A logical flag to indicate extra output.

X

A list with as many elements as plot records. Each element should be of class 'matrix' or 'data.frame' with species in rows and strata in columns. Furthermore, the number of rows (species) and columns (strata) should be the same for all elements.

Details

For each individual (row) in x, stratifyvegdata assigns it to the size class (stratum) containing its size. The corresponding abundance value (e.g. crown cover) of the individual is added to the abundance of the corresponding species at the size class (stratum). If sizes2 and size2Column are supplied, the function assigns each individual (row) in x to the combination of size classes (e.g. tree height and diameter).

Value

Both functions return an object of class 'stratifiedvegdata', which is a list of matrices, one for each plot record. Each element (matrix) has as many rows as species and as many columns as size classes (i.e., as many as elements in vector sizes1). Columns are named starting with 'S' and continuing with the size class (stratum) number. If mergeSpecies=TRUE then all matrices have a single row (whose name is "all"). If sizes2 and size2Column are supplied to stratifyvegdata, the function returns an object of class 'doublestratifiedvegdata', which is a list of arrays, one for each plot record. Each element (array) has three dimensions corresponding to species, primary sizes (number of elements in in vector sizes1) and secondary sizes (number of elements in in vector sizes2). If cumulative=TRUE then the function returns cumulative abundances (see CAP and CAS).

Author(s)

Miquel De Cáceres, CREAF.

References

De Cáceres, M., Legendre, P. & He, F. (2013) Dissimilarity measurements and the size structure of ecological communities. Methods in Ecology and Evolution 4: 1167-1177.

See Also

reshape, CAP, CAS

Examples

## Load tree data
data(treedata)

## Inspect tree data
head(treedata)

## Define stratum thresholds (4 strata)
heights = seq(0,4, by=0.5)
diameters = seq(0,2, by=0.5)

## Stratify tree data using heights as structural variable
X = stratifyvegdata(treedata, sizes1=heights, plotColumn="plotID",
                    speciesColumn="species", size1Column="height", counts=TRUE)

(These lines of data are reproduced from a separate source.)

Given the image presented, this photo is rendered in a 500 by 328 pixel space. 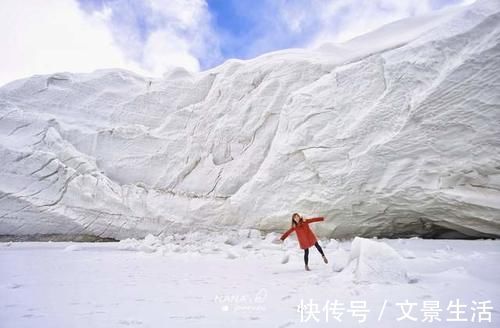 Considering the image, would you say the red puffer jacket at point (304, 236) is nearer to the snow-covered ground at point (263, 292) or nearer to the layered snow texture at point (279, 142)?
the snow-covered ground at point (263, 292)

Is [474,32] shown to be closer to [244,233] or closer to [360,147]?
[360,147]

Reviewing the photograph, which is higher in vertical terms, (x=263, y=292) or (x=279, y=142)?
(x=279, y=142)

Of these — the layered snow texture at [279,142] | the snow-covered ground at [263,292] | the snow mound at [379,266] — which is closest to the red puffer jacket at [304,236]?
the snow-covered ground at [263,292]

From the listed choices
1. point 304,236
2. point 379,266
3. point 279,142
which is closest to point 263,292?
point 379,266

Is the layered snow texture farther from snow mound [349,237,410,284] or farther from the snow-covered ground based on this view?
snow mound [349,237,410,284]

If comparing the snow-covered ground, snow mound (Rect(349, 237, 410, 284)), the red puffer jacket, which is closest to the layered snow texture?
the snow-covered ground

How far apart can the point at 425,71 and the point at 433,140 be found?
1.63 metres

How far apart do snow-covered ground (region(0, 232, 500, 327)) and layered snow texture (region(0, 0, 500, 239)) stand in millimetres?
2388

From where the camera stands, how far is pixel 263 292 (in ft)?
10.6

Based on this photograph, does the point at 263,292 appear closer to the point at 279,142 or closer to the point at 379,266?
the point at 379,266

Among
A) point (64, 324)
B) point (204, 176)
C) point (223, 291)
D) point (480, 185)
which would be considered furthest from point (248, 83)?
point (64, 324)

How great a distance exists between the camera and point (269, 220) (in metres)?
8.92

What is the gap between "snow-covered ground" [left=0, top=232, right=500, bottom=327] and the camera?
2398 mm

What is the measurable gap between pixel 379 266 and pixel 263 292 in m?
1.24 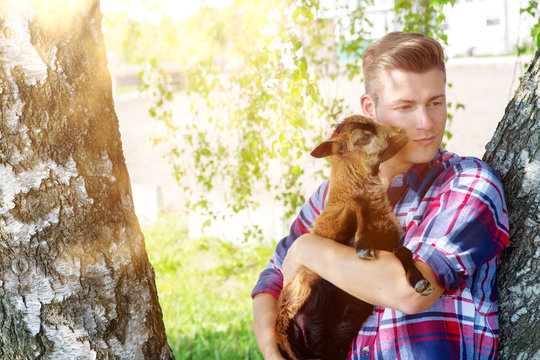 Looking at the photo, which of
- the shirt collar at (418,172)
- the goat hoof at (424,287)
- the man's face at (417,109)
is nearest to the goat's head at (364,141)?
the man's face at (417,109)

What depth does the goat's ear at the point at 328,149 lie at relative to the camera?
202cm

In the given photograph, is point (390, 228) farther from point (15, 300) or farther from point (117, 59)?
point (117, 59)

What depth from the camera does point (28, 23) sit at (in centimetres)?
201

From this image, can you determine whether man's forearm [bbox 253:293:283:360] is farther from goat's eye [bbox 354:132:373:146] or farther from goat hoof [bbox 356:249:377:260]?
goat's eye [bbox 354:132:373:146]

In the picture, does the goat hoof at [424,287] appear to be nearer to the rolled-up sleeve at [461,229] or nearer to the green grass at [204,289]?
the rolled-up sleeve at [461,229]

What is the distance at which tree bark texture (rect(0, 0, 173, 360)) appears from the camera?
203cm

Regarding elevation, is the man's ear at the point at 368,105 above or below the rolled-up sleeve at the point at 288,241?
above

## Inspect the second plot record
X[[2]]

## Stratify tree data using heights as structural variable and cover as abundance
Y = stratifyvegdata(treedata, sizes1=heights, plotColumn="plotID",
                    speciesColumn="species", size1Column="height", 
                    abundanceColumn="cover")
Y[[2]]

## Stratify tree data using heights and diameters as structural variables
Z = stratifyvegdata(treedata, sizes1=heights, sizes2=diameters, plotColumn="plotID",
                    speciesColumn="species", size1Column="height", size2Column="diam",
                    counts=TRUE)
Z[[2]]

Synthetic vegetation data set with tree data

Description

A synthetic data set used to illustrate the stratification of data originally collected on an individual basis (e.g. forest inventory).

Usage

data(treedata)

Format

A data frame where each row corresponds to a different tree. Columns are plot code, species identity, tree height, tree diameter and cover value.

See Also

stratifyvegdata


Classifies vegetation communities

Description

Classifies vegetation communities into a previous fuzzy or hard classification.

Usage

vegclass(y, x)

Arguments

y

An object of class vegclust that represents a previous knowledge.

x

Community data to be classified, in form of a site by species matrix (if the vegclust object is in raw mode) or a data frame containing the distances between the new sites in rows and the old sites in columns (if the vegclust object is in distance mode).

Details

This function uses the classification model specified in y to classify the communities (rows) in x. When vegclust is in raw mode, the function calls first to conformveg in order to cope with different sets of species. See the help of as.vegclust to see an example of vegclass with distance matrices.

Value

Returns an object of type vegclass with the following items:

method

The clustering model used in y

m

The fuzziness exponent in y

dnoise

The distance to the noise cluster used for noise clustering (models NC, NCdd, HNC, HNCdd). This is set to NULL for other models.

eta

The reference distance vector used for possibilistic clustering (models PCM and PCMdd). This is set to NULL for other models.

memb

The fuzzy membership matrix.

dist2clusters

The matrix of object distances to cluster centers.

Author(s)

Miquel De Cáceres, CREAF.

References

Davé, R. N. and R. Krishnapuram (1997) Robust clustering methods: a unified view. IEEE Transactions on Fuzzy Systems 5, 270-293.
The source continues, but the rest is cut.